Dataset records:
----
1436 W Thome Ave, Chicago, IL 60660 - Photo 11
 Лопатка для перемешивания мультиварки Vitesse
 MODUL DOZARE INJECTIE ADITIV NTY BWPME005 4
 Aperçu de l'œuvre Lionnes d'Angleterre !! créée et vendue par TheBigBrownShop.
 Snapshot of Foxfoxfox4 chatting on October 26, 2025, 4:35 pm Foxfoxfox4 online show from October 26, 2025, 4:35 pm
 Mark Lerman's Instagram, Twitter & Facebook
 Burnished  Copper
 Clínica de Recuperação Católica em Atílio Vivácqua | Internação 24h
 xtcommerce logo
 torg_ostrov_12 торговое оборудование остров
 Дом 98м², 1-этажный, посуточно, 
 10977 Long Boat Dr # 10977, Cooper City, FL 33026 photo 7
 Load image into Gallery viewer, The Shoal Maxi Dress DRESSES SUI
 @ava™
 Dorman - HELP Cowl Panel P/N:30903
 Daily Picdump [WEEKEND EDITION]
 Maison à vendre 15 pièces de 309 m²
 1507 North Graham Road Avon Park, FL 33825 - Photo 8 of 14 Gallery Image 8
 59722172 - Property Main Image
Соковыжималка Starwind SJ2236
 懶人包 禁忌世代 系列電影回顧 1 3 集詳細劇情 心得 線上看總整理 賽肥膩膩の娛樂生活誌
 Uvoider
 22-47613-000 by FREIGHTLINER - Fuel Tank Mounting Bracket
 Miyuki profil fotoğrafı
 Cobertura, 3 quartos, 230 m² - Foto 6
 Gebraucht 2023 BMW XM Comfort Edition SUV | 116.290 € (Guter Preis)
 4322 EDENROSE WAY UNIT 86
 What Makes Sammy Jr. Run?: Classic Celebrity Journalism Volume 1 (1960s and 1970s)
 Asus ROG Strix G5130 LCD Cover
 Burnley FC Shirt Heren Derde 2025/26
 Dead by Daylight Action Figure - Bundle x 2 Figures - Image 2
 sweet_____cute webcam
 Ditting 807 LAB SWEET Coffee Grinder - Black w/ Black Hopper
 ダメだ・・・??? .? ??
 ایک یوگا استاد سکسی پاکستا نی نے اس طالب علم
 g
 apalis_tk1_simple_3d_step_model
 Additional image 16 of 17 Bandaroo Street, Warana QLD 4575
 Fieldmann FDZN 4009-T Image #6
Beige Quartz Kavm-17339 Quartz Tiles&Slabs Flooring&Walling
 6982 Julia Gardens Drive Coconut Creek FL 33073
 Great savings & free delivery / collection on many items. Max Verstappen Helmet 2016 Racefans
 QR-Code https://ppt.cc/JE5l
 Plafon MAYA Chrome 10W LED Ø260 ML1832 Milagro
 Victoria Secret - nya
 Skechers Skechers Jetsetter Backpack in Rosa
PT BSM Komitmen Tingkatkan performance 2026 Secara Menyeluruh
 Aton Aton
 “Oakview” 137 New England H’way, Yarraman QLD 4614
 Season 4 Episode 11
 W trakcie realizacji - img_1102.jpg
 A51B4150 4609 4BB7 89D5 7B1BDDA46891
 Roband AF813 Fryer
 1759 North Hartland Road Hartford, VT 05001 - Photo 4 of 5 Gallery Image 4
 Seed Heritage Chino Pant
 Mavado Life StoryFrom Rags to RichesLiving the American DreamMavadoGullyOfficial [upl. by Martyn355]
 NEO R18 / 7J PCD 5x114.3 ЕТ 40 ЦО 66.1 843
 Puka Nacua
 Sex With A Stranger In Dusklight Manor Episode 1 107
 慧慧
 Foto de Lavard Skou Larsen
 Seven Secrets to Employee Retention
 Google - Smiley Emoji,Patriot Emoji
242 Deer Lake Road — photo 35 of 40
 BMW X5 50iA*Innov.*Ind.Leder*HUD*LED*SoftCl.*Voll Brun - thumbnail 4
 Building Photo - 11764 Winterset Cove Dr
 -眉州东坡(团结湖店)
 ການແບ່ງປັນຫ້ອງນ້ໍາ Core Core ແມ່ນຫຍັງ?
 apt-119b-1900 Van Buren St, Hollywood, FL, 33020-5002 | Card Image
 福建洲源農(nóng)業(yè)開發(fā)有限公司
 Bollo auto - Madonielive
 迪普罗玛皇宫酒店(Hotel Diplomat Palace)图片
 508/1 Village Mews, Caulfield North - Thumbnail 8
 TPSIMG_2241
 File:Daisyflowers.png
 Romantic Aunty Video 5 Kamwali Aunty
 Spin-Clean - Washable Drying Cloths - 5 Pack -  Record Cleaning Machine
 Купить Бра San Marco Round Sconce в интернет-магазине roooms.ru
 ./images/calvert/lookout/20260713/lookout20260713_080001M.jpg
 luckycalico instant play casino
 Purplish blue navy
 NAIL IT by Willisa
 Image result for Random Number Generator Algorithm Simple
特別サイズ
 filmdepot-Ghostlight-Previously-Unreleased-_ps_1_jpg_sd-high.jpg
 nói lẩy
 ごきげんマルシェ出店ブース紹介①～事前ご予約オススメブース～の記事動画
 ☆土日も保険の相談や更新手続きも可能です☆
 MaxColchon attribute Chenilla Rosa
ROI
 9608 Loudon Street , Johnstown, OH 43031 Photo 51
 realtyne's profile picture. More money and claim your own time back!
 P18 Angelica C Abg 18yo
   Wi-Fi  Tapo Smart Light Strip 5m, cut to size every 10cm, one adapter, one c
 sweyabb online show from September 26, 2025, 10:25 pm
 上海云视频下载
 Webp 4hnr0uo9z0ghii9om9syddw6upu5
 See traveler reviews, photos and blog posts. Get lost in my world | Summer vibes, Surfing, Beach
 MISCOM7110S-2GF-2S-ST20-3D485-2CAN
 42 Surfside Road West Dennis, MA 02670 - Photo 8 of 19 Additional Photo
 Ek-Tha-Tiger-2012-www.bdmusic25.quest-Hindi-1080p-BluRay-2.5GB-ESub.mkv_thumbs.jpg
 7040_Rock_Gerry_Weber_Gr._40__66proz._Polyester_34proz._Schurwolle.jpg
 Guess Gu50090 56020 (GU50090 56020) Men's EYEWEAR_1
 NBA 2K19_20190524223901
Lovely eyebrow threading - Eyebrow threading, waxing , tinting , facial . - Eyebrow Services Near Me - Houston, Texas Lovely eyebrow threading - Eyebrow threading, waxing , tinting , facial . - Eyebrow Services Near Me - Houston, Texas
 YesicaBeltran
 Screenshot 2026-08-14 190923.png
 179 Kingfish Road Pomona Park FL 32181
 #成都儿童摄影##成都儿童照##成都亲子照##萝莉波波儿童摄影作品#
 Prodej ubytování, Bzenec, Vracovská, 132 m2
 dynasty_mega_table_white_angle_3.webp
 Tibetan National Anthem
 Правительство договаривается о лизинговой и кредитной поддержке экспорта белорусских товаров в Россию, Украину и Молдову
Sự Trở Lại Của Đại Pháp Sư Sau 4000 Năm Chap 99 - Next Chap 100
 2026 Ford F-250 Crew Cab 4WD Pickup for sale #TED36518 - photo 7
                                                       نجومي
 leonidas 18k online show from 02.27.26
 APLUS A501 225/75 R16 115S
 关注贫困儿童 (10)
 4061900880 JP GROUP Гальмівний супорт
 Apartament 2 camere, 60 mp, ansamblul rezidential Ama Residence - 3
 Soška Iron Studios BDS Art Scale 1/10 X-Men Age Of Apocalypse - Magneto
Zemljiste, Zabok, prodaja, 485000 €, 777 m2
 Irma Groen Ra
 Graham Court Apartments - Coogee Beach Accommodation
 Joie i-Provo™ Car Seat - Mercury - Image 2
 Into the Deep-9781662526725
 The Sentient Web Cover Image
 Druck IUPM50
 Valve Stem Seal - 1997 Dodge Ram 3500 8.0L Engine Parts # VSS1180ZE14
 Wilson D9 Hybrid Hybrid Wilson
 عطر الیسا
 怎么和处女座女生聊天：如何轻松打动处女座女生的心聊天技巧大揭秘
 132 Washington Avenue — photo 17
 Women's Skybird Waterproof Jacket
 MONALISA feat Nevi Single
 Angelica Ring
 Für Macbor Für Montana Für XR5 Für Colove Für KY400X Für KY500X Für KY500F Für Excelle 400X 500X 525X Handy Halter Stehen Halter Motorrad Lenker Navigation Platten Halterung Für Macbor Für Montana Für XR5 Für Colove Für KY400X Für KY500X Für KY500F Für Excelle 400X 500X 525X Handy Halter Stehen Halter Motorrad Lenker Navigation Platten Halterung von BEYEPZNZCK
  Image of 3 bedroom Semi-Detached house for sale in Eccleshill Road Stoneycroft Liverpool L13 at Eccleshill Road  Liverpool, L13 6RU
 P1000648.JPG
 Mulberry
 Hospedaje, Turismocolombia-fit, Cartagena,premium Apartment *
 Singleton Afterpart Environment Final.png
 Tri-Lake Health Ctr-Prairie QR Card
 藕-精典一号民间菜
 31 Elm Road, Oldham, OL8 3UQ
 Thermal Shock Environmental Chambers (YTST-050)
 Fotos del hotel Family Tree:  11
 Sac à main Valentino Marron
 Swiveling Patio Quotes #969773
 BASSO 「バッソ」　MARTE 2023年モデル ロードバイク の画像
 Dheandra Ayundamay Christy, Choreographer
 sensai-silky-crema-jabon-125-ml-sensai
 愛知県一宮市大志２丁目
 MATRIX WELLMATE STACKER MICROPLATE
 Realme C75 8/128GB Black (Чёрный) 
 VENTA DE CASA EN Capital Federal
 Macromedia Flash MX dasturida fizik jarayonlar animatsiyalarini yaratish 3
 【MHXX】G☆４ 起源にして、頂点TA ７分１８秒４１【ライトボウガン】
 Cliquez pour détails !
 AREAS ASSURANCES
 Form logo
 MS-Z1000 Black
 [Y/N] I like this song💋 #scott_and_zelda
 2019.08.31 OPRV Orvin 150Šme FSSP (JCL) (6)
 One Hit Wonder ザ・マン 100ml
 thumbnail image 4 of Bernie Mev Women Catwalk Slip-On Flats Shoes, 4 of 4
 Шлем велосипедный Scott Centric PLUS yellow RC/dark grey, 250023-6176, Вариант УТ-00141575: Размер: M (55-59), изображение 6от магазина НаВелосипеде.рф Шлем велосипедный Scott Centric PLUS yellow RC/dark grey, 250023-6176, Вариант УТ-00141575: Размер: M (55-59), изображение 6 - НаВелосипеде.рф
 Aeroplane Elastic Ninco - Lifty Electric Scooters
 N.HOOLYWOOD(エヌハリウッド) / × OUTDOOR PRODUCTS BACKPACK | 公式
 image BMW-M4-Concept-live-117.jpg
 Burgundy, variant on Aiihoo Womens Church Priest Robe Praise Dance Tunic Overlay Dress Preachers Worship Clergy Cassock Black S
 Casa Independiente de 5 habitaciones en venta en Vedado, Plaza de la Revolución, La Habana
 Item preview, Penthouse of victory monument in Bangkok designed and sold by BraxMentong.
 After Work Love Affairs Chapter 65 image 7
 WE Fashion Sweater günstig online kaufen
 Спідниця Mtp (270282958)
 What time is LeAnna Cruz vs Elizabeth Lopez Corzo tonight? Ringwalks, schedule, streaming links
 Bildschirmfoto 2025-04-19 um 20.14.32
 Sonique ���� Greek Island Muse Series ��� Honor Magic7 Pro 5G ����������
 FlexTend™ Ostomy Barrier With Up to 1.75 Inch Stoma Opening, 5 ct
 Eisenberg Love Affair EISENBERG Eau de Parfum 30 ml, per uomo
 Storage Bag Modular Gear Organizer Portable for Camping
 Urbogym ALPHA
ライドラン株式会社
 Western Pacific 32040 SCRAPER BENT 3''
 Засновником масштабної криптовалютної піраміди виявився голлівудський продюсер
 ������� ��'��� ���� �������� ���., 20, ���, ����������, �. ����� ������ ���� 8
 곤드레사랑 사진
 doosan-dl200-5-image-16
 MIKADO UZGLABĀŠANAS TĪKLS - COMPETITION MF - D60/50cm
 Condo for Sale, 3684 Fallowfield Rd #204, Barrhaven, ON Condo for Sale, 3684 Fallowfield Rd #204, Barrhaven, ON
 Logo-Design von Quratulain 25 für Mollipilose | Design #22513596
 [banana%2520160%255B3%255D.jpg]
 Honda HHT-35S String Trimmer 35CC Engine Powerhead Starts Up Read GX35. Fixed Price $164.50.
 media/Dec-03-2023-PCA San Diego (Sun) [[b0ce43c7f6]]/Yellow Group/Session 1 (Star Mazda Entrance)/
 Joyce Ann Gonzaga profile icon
----
In the entries above, find the line holding "Wilson D9 Hybrid Hybrid Wilson" and the line holding "Angelica Ring"; print both of them and every line between, exactly, and nothing else.

_Your response_:
 Wilson D9 Hybrid Hybrid Wilson
 عطر الیسا
 怎么和处女座女生聊天：如何轻松打动处女座女生的心聊天技巧大揭秘
 132 Washington Avenue — photo 17
 Women's Skybird Waterproof Jacket
 MONALISA feat Nevi Single
 Angelica Ring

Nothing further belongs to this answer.